***** Entries shown *****

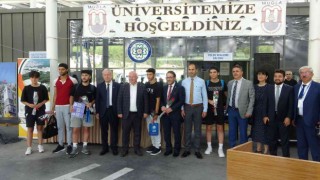 Muğla protokolü öğrencileri çiçeklerle karşıladı
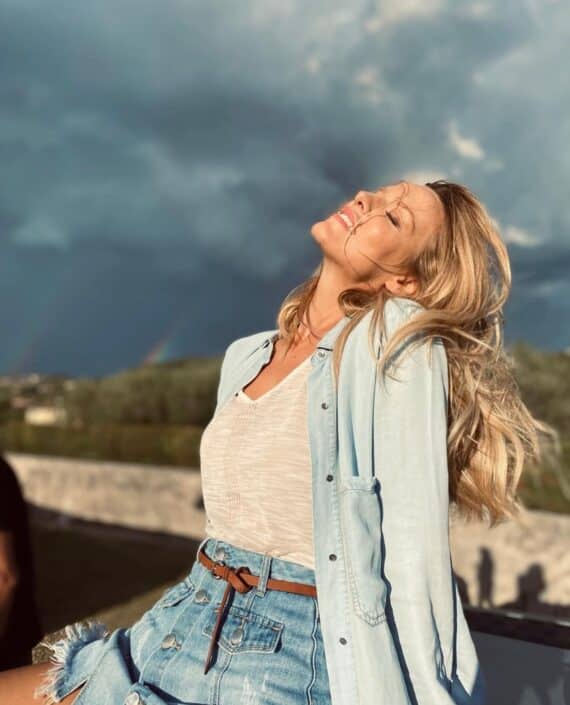 Agenzia Modelle Brescia • ALESSANDRA T • Fotomodella Influencer, WOMEN, Fotomodella Di Colore, Fotomodella Over 30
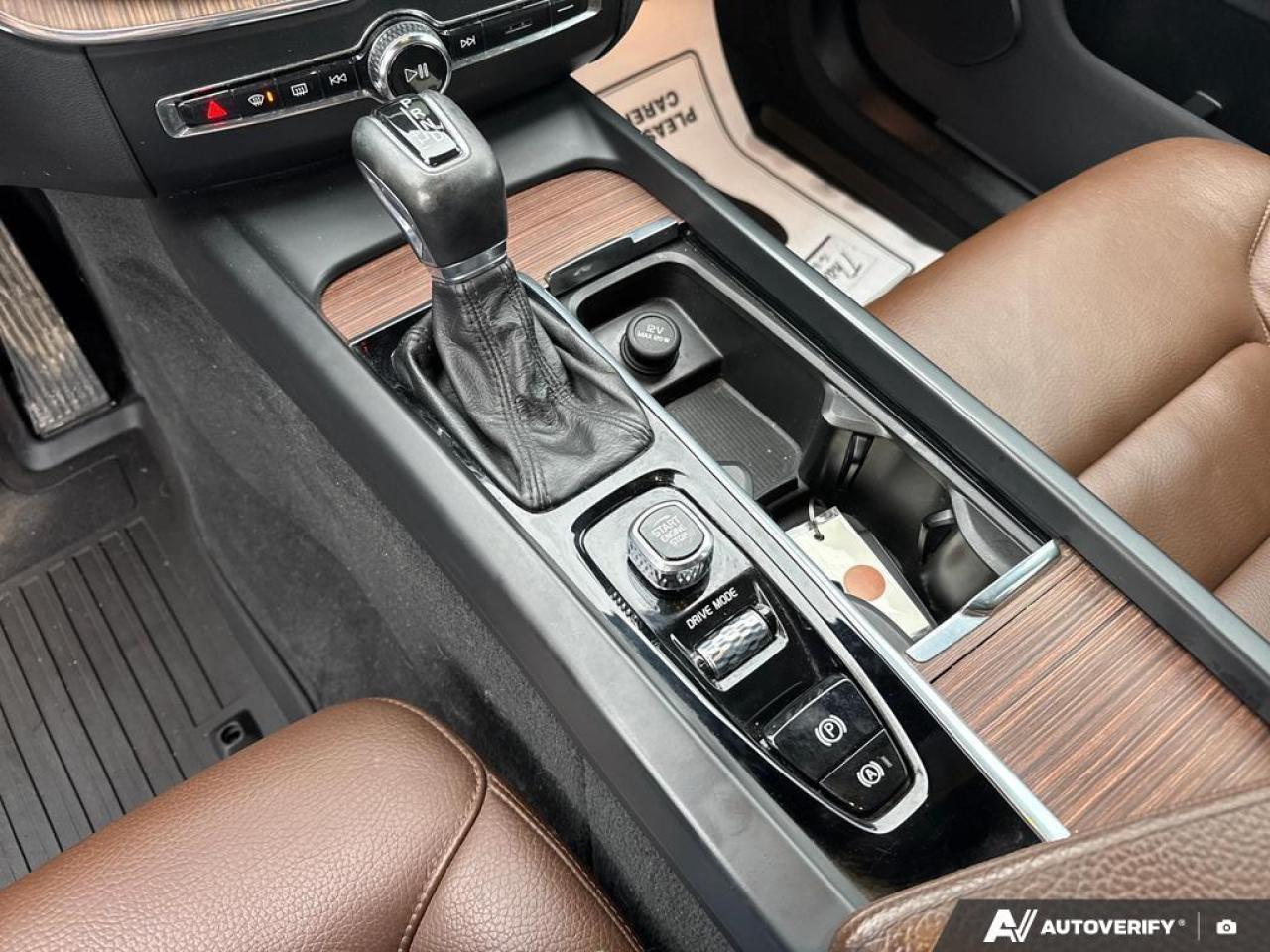 2021 Volvo XC60 T6 Momentum BACKUP CAM   BLUETOOTH   HTD SEATS   K Photo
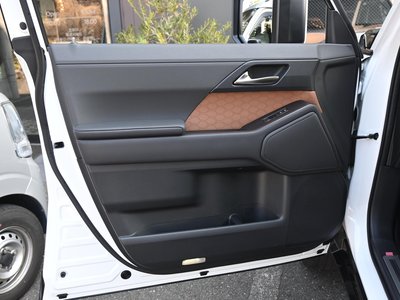 2025 Lexus GX — миниатюра 34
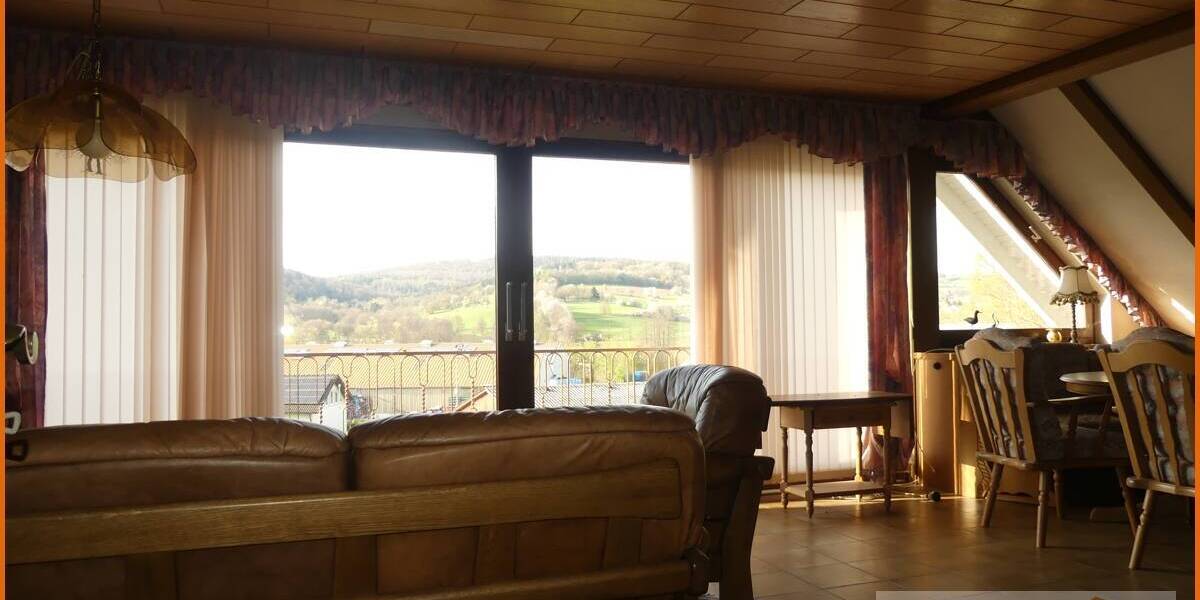 Mehrfamilienhaus, Wohnhaus Sinntal / Oberzell Oberzell - 8 Zimmer, 212 m&sup2;, 275.000&euro; | Angebot:26392538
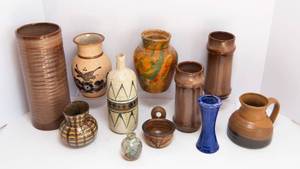 lot 232 image: Large Variety of Pottery Vases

*****

Description of the task - I would like the lines from the one with "2025 Lexus GX — миниатюра 34" through the last line of the data above retyped exactly, with pictures left out, please.

Output for this task -
 2025 Lexus GX — миниатюра 34
 Mehrfamilienhaus, Wohnhaus Sinntal / Oberzell Oberzell - 8 Zimmer, 212 m&sup2;, 275.000&euro; | Angebot:26392538
 lot 232 image: Large Variety of Pottery Vases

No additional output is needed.